Token Factory API - a way to issue tokens for ID-based travelling
Background
The project for Sydlänen/Lynx will launch a solution for ID-based travelling and needed therefore a secure way to issue tokens to travel documents, in this case travel cards where in this case Areff is the provider.
For this project Kirei was responsible to bring up a solution with the Token Factory API as the result which is one possible way of doing this.
Purpose
To highlight one way of issuing tokens to travel documents to enable ID-based travelling.
Related documentation
MTS 7 - Travel card application
Token API - ID-based travelling
Definitions
Concept | Definition |
---|---|
Personalization | Personalization is the operation that transforms a generic smart card (or other type of bearer) into an individually specific card that can be used for one or more applications. |
Provisioning | Is the operation that feeds the chip of a Travel Document with a service of some kind. |
PICC | Abbrevation for "Proximity Integrated Circuit Card". A "contactless" smart card which can be read without inserting it into a reader device. Even if part of the definition of PICC is “card” the travel document can be of other form than a card such as watch, dongle or other. |
Travel document | Definition from BoB Token API: An object (plastic card, wearable, app in mobile phone etc.) that carries a physical or emulated PICC (Proximity Integrated Circuit Card) in which a Travel Card Application is run which consists of a so called Travel Document also referred to as MTB (Mobile Ticket Bundle) is in its total the physical bearer for which the validity to travel is formed. When the concept Travel Document is used it is the above distinction that is referred to. |
Sequence diagram
Sequence steps
- A Travel Document with an empty PICC (proximity integrated circuit card) is exposed to the personalization/provisioning device.

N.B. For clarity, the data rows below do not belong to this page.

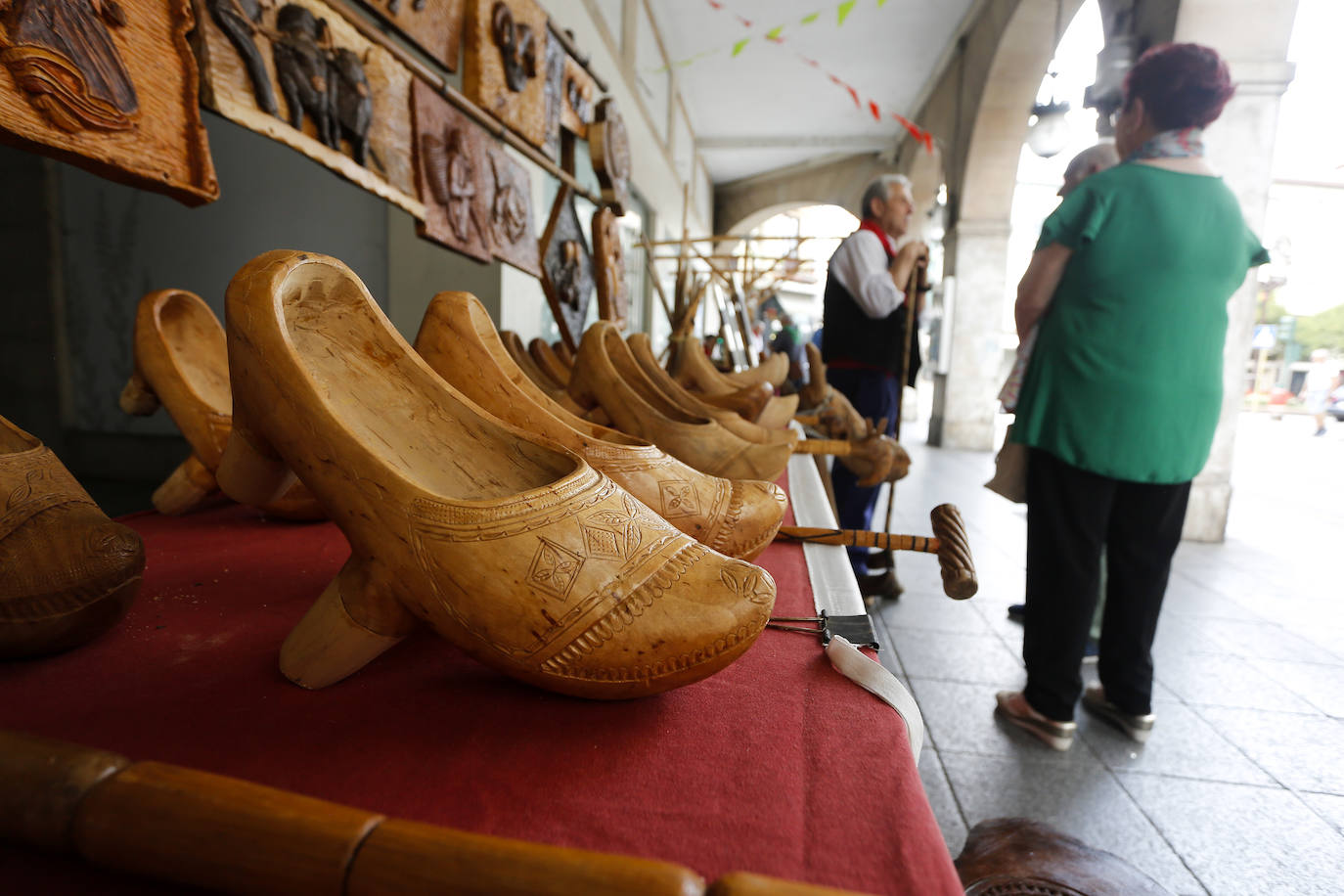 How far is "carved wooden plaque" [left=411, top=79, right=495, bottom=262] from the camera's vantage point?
63.4 inches

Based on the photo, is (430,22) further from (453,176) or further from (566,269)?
(566,269)

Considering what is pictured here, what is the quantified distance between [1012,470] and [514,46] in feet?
5.80

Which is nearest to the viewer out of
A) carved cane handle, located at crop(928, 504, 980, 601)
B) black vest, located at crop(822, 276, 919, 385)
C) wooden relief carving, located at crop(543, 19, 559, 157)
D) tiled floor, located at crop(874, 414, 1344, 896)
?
carved cane handle, located at crop(928, 504, 980, 601)

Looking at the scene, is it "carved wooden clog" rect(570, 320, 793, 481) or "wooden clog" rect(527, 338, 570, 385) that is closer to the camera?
"carved wooden clog" rect(570, 320, 793, 481)

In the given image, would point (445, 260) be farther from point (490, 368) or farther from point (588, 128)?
point (490, 368)

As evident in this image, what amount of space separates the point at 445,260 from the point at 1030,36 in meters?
5.91

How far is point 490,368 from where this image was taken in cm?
87

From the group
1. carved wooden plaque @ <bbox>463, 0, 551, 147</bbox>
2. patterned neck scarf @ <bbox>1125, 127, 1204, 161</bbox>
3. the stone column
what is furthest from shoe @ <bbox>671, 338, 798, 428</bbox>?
the stone column

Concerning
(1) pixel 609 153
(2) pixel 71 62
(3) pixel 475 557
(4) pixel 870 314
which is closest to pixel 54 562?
(3) pixel 475 557

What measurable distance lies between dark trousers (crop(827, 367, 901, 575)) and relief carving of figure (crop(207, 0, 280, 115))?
7.38 ft

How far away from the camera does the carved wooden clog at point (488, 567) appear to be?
522 millimetres

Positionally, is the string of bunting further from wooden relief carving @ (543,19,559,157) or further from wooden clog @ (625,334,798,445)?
wooden clog @ (625,334,798,445)

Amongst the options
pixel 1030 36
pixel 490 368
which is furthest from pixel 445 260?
pixel 1030 36

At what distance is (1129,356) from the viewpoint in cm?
157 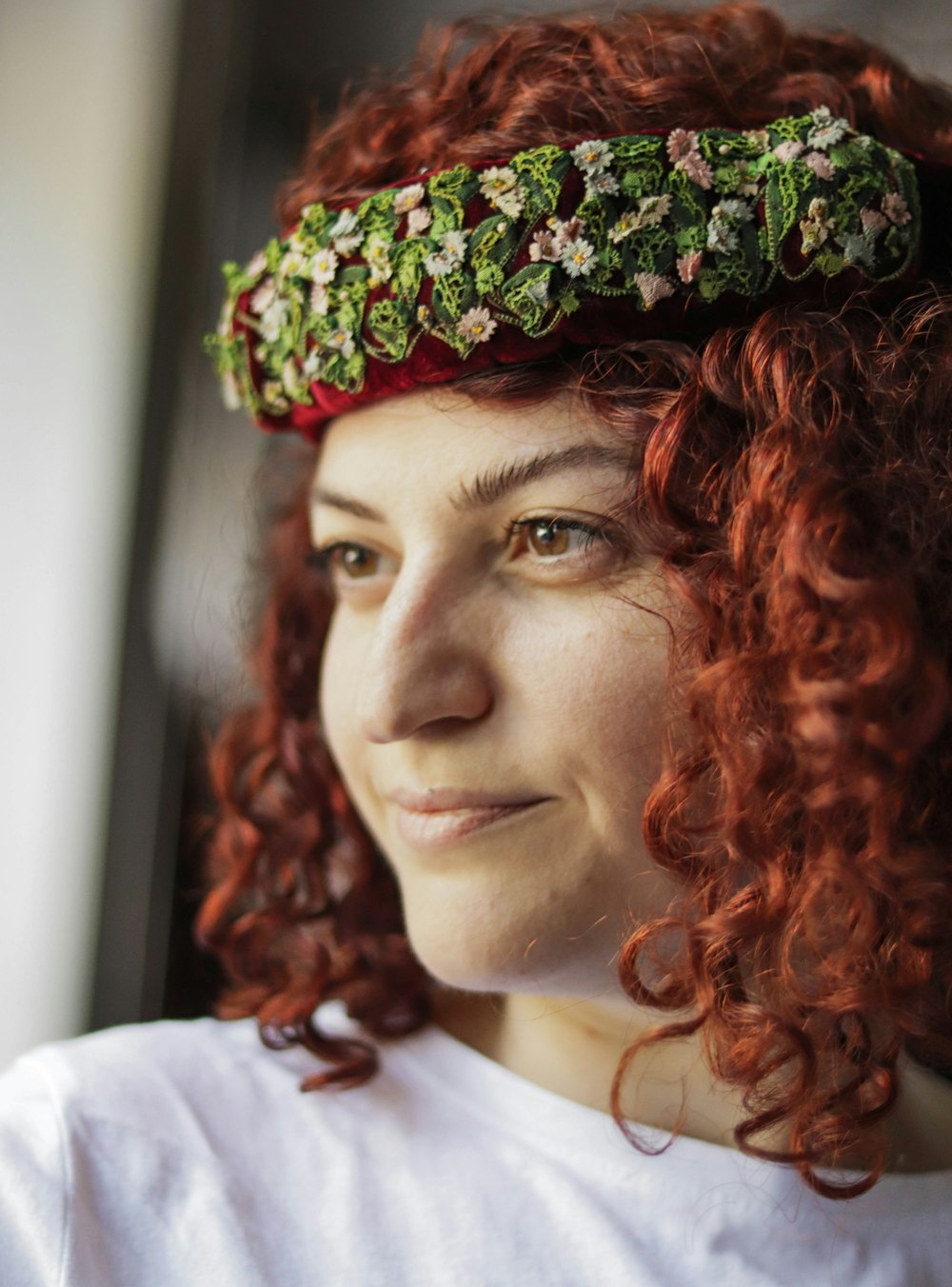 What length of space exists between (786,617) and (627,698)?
5.6 inches

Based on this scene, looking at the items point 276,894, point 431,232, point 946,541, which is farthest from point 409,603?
point 276,894

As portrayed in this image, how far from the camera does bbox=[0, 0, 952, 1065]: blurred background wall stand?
1.62m

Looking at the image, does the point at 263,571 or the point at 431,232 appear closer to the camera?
the point at 431,232

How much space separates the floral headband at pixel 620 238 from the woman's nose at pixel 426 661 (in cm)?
19

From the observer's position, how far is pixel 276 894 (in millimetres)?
1448

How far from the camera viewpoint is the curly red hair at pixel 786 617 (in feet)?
3.01

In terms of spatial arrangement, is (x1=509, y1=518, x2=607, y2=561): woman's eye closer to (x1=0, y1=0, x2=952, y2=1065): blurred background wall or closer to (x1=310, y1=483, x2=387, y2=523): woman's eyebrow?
(x1=310, y1=483, x2=387, y2=523): woman's eyebrow

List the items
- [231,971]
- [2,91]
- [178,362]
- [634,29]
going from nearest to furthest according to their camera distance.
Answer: [634,29]
[231,971]
[2,91]
[178,362]

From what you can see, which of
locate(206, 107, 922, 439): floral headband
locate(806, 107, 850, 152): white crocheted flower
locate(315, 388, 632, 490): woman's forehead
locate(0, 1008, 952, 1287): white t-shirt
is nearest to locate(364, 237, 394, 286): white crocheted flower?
locate(206, 107, 922, 439): floral headband

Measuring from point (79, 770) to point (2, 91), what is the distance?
921 mm

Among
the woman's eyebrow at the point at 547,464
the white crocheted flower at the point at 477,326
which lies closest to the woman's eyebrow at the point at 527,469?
the woman's eyebrow at the point at 547,464

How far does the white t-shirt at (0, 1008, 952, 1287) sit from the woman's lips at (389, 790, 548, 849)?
27 centimetres

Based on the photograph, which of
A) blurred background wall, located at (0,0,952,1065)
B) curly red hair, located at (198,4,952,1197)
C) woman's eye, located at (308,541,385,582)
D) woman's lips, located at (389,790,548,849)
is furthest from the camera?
blurred background wall, located at (0,0,952,1065)

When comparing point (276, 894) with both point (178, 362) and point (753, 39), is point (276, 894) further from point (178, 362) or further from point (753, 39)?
point (753, 39) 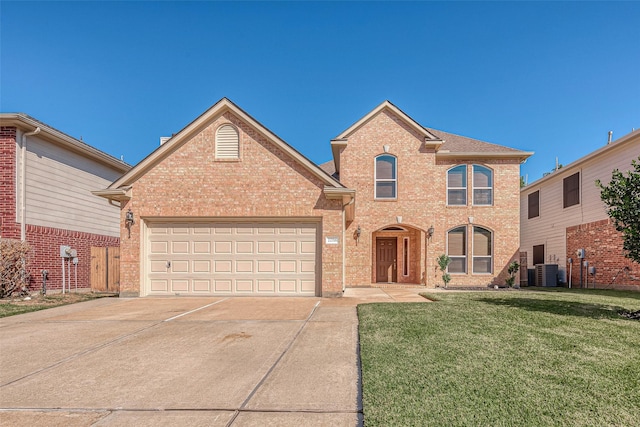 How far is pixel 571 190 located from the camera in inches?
702

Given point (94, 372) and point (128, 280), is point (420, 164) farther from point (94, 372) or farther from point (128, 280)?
point (94, 372)

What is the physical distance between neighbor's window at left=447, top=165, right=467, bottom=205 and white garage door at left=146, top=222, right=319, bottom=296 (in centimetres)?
810

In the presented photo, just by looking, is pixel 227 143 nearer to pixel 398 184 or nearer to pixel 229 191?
pixel 229 191

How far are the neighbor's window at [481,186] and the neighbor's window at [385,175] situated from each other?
13.2 feet

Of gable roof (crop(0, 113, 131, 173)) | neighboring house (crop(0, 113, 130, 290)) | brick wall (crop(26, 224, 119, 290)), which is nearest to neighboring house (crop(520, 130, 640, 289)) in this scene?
neighboring house (crop(0, 113, 130, 290))

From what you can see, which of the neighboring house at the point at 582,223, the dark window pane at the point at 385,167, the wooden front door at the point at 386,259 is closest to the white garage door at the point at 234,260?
the dark window pane at the point at 385,167

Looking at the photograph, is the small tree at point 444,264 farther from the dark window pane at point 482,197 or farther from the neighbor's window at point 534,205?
the neighbor's window at point 534,205

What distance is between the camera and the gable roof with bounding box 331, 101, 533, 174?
1443cm

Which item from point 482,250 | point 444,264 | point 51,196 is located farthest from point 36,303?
point 482,250

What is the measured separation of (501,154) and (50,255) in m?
18.5

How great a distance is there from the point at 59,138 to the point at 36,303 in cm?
643

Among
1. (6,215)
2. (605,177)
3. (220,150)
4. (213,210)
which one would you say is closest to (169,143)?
(220,150)

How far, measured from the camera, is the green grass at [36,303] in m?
8.64

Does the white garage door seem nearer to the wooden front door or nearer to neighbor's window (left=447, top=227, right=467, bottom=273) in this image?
the wooden front door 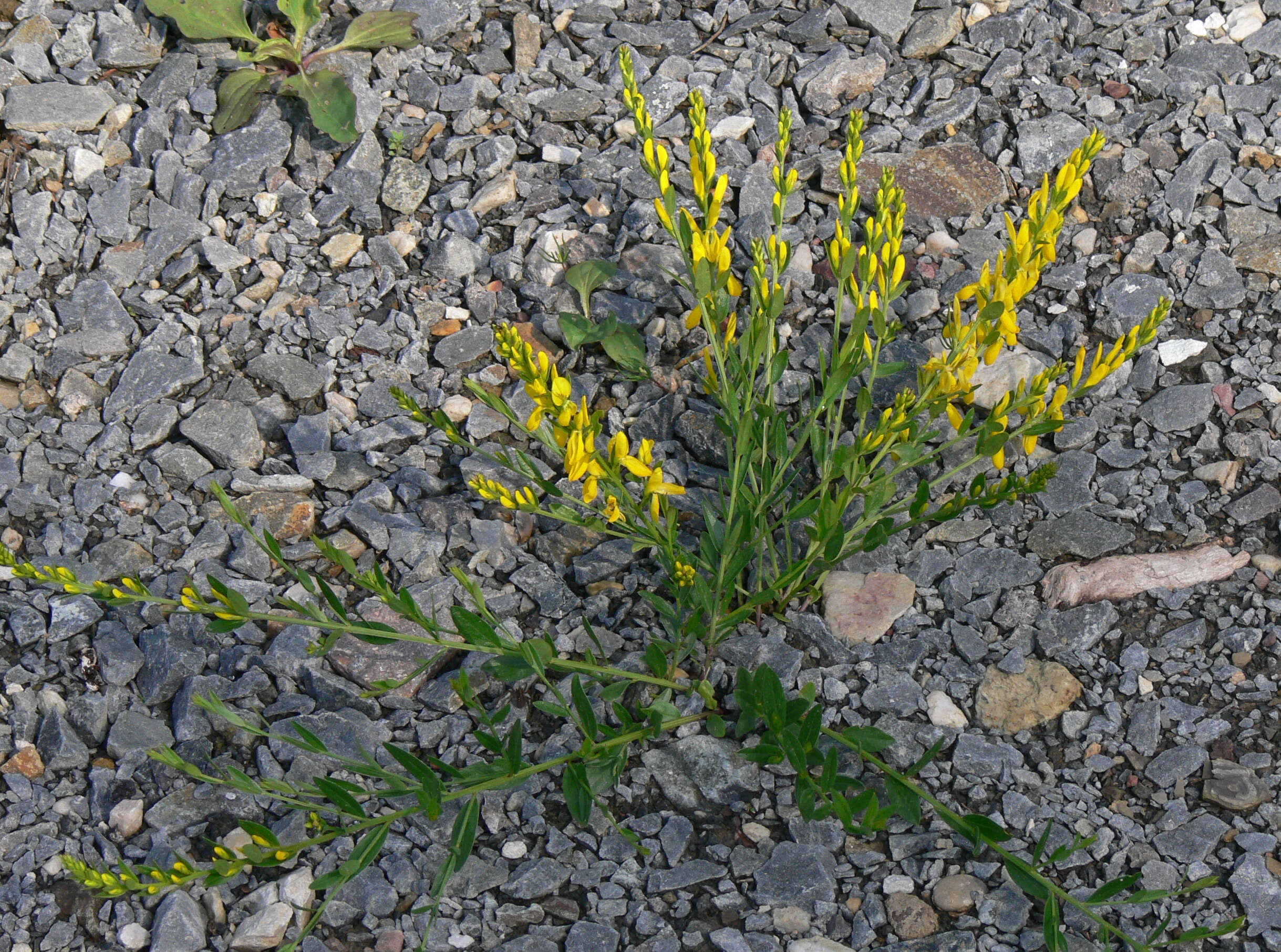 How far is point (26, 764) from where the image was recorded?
244 centimetres

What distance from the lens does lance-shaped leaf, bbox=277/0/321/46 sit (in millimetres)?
3594

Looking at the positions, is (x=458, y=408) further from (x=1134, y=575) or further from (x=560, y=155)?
(x=1134, y=575)

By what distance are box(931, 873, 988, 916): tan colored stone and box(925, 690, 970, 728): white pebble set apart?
34 centimetres

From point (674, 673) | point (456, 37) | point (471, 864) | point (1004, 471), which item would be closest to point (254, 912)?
point (471, 864)

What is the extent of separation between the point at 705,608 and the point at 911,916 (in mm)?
683

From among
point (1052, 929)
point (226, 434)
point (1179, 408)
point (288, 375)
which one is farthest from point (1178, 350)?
point (226, 434)

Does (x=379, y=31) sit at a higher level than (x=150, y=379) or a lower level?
higher

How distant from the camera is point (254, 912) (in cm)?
225

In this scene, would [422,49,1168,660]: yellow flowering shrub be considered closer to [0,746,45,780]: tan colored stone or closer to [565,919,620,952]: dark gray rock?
[565,919,620,952]: dark gray rock

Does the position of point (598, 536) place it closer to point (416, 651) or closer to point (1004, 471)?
point (416, 651)

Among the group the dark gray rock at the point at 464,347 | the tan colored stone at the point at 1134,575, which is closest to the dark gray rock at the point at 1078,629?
the tan colored stone at the point at 1134,575

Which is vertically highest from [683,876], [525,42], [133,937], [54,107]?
[525,42]

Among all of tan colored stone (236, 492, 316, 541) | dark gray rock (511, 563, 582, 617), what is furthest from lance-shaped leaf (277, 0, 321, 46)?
dark gray rock (511, 563, 582, 617)

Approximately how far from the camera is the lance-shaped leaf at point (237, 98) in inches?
140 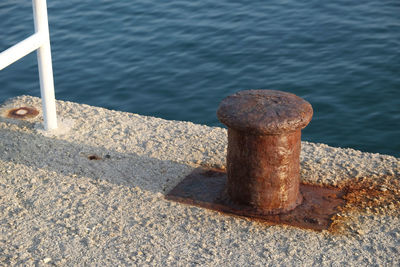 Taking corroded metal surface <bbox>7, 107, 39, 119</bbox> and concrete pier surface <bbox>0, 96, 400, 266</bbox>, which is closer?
concrete pier surface <bbox>0, 96, 400, 266</bbox>

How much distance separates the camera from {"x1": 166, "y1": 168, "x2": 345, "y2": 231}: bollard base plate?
154 inches

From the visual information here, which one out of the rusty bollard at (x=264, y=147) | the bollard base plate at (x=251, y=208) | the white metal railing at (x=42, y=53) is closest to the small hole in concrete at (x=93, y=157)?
the white metal railing at (x=42, y=53)

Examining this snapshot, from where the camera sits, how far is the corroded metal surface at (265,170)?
3.80 m

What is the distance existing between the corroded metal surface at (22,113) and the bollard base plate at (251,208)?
5.70ft

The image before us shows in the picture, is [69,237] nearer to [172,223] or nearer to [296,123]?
[172,223]

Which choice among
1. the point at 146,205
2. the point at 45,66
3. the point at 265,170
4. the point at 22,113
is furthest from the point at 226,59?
the point at 265,170

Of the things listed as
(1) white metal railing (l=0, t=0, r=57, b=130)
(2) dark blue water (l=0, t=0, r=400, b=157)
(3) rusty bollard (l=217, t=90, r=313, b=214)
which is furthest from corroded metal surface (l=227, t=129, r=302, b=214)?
(2) dark blue water (l=0, t=0, r=400, b=157)

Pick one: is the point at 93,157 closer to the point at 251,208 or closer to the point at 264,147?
the point at 251,208

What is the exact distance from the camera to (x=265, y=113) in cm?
374

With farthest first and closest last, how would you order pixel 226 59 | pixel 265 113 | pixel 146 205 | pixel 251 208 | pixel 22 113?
pixel 226 59, pixel 22 113, pixel 146 205, pixel 251 208, pixel 265 113

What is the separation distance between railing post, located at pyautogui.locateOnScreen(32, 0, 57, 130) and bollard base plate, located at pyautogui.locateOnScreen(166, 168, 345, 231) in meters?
1.33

- A request with POST/token towards the Token factory API by the token issuer is made to create a new token container with a unique serial number.
- The token container with serial number is sent to the personalization/provisioning device.
- The personalization/provisioning device creates the BoB application ("Travel Card Application" according to MTS7) on the exposed Travel Document.
- The personalization/provisioning device requests the Travel card application (on the Travel Document) to generate a token (public/private key).
- The personalization/provisioning device requests the Travel card application (on the Travel Document) to get the token public key.
- The token public key is sent to the personalization device.
- The personalization/provisioning device sends request by PUT/token/{serial}/public key for registration of the generated token public key on the token issuer side.
- Response of registration from token issuer is sent back to the personalization/provisioning device.
- The personalization/provisioning device sends request by GET/token/{serial}/mtb to fetch a signed MTB for the generated token from token issuer.
- A signed MTB is sent back to the personalization/provisioning device.
- The signed MTB is written on the exposed Travel document.
The travel document is now prepared with the MTB and BoB application to be able to tie tickets for travel to, see sequence for TokenAPI.